BEGIN RECORDS FOR THE EXERCISE

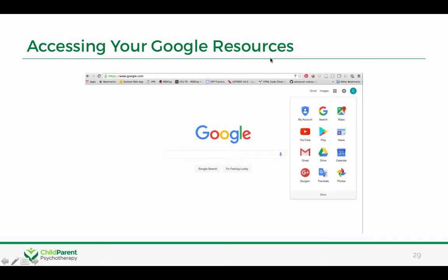If you'd like to access your Google resources, the easiest way might be through the nine-square keypad. If you click on it, you'll see Drive, you'll see Calendar, and if you scroll down you'll see some other Google resources.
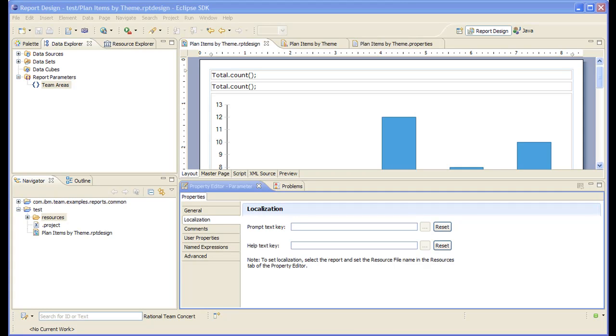Hello, my name is Rafiq Jawani, a developer from the EJAS reporting team. In this video, I will show how to localize a report from multiple languages.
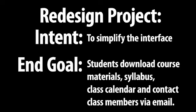Our intent is to simplify the interface. Our end goal is to allow students to download course material, syllabus, class calendar, and contact class members via email.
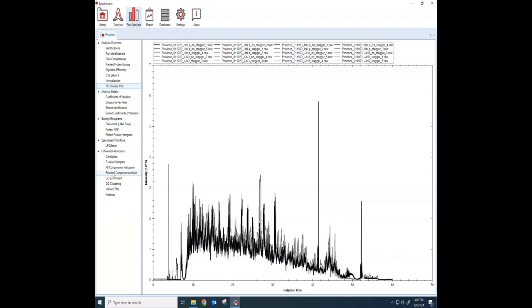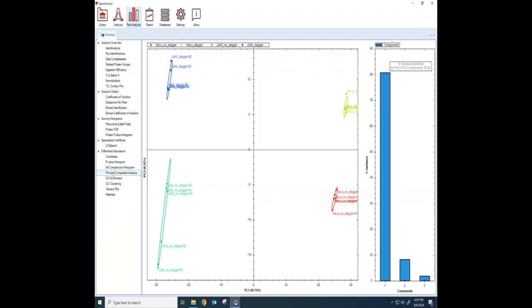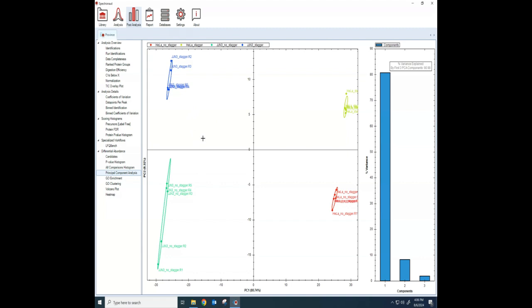If you come down here to principal component analysis, you can see if you have included your groups when you load in your data, which usually we do, it will separate those in a PCA plot. And you can see the difference between the HeLa and the JJN3 and the difference between the staggered and the no staggered for these guys. So all of that's great.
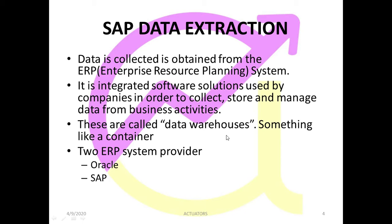All of this is done by this ERP system. Now these are called the data warehouses. Basically why? Because these are the warehouses, storage, storage place where you can store all your data, something like a container where all my data is stored.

END RECORDS FOR THE EXERCISE

◆ TASK INSTRUCTIONS
Everything in the records above should come back word for word, except the pictures.

◆ ANSWER BOX
If you'd like to access your Google resources, the easiest way might be through the nine-square keypad. If you click on it, you'll see Drive, you'll see Calendar, and if you scroll down you'll see some other Google resources.
Hello, my name is Rafiq Jawani, a developer from the EJAS reporting team. In this video, I will show how to localize a report from multiple languages.
Our intent is to simplify the interface. Our end goal is to allow students to download course material, syllabus, class calendar, and contact class members via email.
If you come down here to principal component analysis, you can see if you have included your groups when you load in your data, which usually we do, it will separate those in a PCA plot. And you can see the difference between the HeLa and the JJN3 and the difference between the staggered and the no staggered for these guys. So all of that's great.
All of this is done by this ERP system. Now these are called the data warehouses. Basically why? Because these are the warehouses, storage, storage place where you can store all your data, something like a container where all my data is stored.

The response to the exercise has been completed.